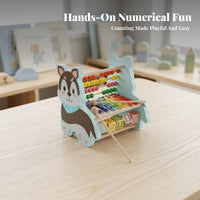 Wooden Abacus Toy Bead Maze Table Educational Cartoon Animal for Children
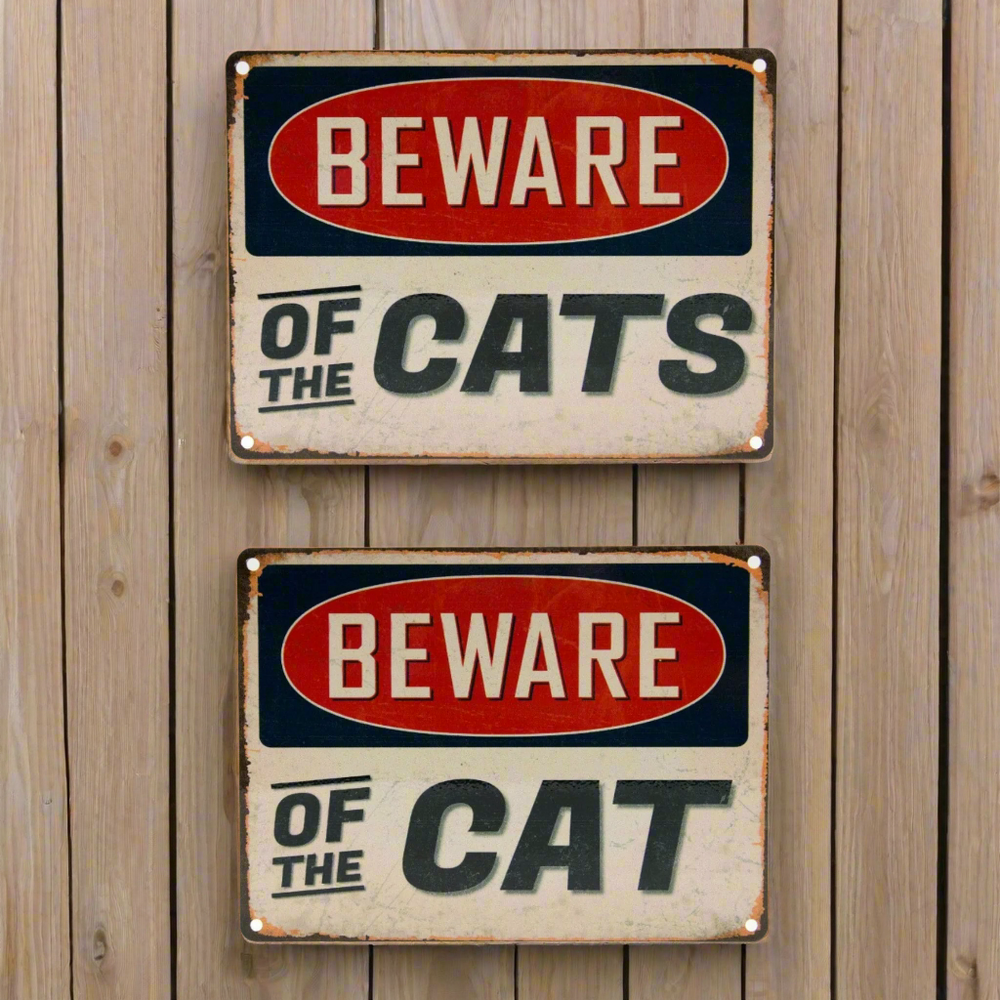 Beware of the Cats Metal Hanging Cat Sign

******

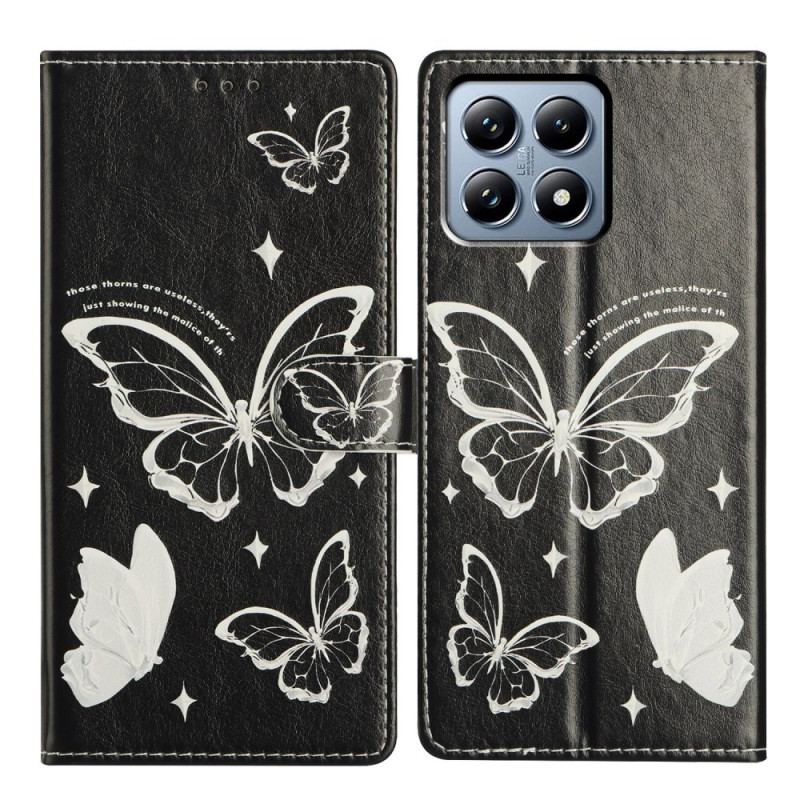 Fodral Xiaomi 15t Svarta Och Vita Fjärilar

******

Work item: In the material above, the stretch from the line with "Wooden Abacus Toy" through the line with "Beware of the Cats Metal Hanging Cat Sign" is to be given again exactly, minus the pictures.

Your response:
 Wooden Abacus Toy Bead Maze Table Educational Cartoon Animal for Children
 Beware of the Cats Metal Hanging Cat Sign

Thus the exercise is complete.